Activity: Starting at the line that contains "It also has", quote every line through the end of the entries, word for word, skipping the pictures.

+ + +

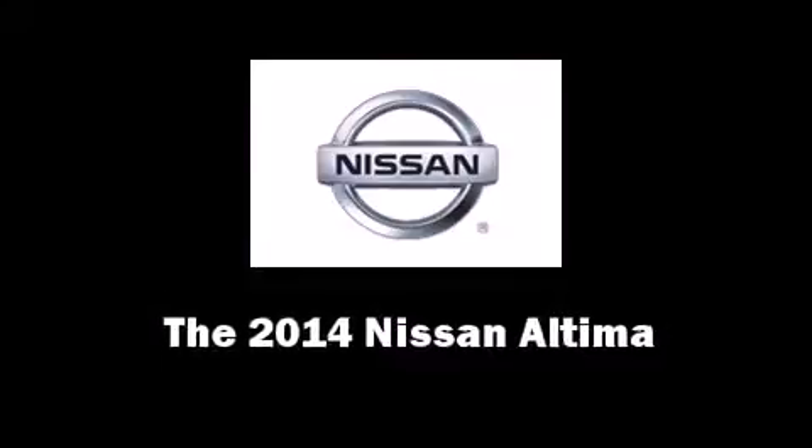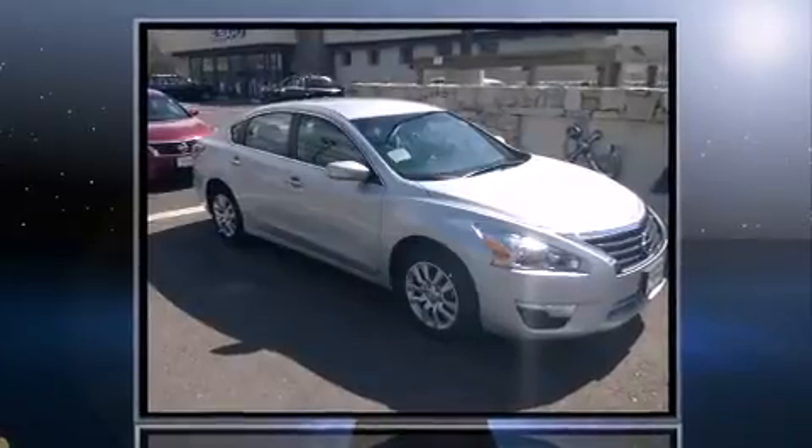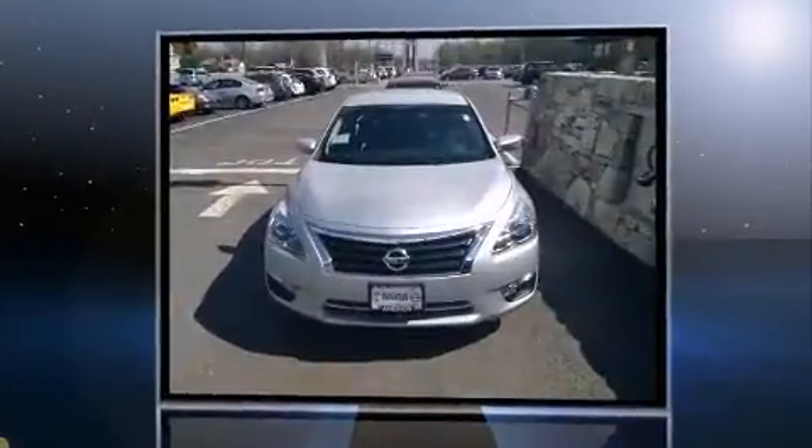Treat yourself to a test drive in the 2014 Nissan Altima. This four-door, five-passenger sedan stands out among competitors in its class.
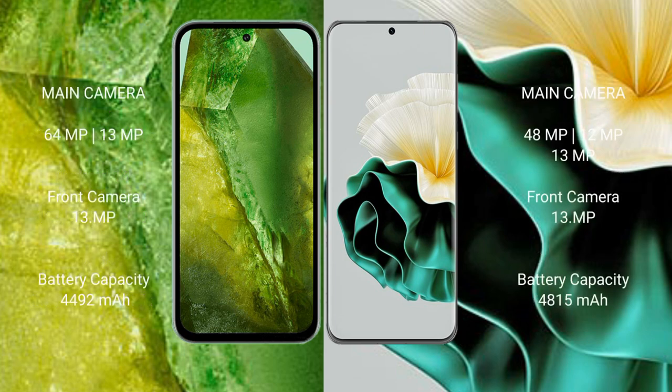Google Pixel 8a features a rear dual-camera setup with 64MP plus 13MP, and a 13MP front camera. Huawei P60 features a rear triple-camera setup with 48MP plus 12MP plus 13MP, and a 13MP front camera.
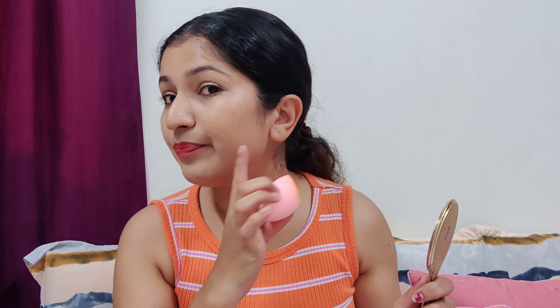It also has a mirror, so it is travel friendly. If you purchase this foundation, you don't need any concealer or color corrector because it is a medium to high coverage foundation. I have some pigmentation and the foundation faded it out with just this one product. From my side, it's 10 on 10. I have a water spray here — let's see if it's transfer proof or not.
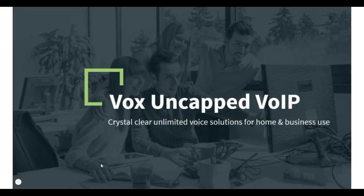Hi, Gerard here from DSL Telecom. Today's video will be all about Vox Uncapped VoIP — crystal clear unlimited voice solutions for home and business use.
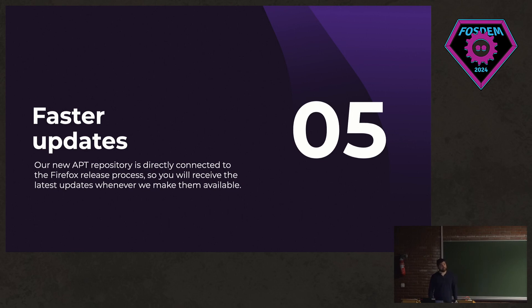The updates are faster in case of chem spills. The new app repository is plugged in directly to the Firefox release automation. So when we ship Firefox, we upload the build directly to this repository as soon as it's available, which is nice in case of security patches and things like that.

+ + +

Exercise solution:
It also has a mirror, so it is travel friendly. If you purchase this foundation, you don't need any concealer or color corrector because it is a medium to high coverage foundation. I have some pigmentation and the foundation faded it out with just this one product. From my side, it's 10 on 10. I have a water spray here — let's see if it's transfer proof or not.
Hi, Gerard here from DSL Telecom. Today's video will be all about Vox Uncapped VoIP — crystal clear unlimited voice solutions for home and business use.
The updates are faster in case of chem spills. The new app repository is plugged in directly to the Firefox release automation. So when we ship Firefox, we upload the build directly to this repository as soon as it's available, which is nice in case of security patches and things like that.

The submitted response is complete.